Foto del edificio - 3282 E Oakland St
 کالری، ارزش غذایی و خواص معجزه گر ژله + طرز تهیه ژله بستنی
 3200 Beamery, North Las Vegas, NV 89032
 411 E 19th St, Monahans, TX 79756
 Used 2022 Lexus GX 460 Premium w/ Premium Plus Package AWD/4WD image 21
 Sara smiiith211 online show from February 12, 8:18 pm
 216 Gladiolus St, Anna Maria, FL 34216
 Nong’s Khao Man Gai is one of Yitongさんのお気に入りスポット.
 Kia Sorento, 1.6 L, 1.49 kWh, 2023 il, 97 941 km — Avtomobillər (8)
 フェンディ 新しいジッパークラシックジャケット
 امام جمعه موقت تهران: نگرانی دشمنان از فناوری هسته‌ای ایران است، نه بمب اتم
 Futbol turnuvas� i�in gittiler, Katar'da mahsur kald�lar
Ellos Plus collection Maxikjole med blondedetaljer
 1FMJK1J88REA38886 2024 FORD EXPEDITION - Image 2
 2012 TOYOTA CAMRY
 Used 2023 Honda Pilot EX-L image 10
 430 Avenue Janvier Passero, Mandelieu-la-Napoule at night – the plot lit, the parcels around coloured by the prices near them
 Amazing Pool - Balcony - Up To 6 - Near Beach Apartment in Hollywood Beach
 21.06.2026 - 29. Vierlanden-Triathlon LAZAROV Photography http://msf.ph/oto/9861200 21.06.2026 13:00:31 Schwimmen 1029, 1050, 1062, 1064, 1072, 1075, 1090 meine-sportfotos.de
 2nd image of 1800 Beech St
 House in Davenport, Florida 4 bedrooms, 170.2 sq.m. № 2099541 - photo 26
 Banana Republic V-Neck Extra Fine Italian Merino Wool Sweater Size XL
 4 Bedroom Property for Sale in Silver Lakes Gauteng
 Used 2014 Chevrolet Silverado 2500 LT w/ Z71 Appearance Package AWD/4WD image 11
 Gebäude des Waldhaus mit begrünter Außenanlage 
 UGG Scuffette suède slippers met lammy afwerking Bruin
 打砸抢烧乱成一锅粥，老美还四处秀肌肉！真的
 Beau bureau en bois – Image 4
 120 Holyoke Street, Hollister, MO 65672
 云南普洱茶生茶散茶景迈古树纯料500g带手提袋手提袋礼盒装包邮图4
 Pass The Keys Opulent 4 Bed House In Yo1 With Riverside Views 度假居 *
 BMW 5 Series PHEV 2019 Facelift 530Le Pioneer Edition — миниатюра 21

Task statement: Go through the listing, find each line with the word "Used", and copy it.

Output of the task:
 Used 2022 Lexus GX 460 Premium w/ Premium Plus Package AWD/4WD image 21
 Used 2023 Honda Pilot EX-L image 10
 Used 2014 Chevrolet Silverado 2500 LT w/ Z71 Appearance Package AWD/4WD image 11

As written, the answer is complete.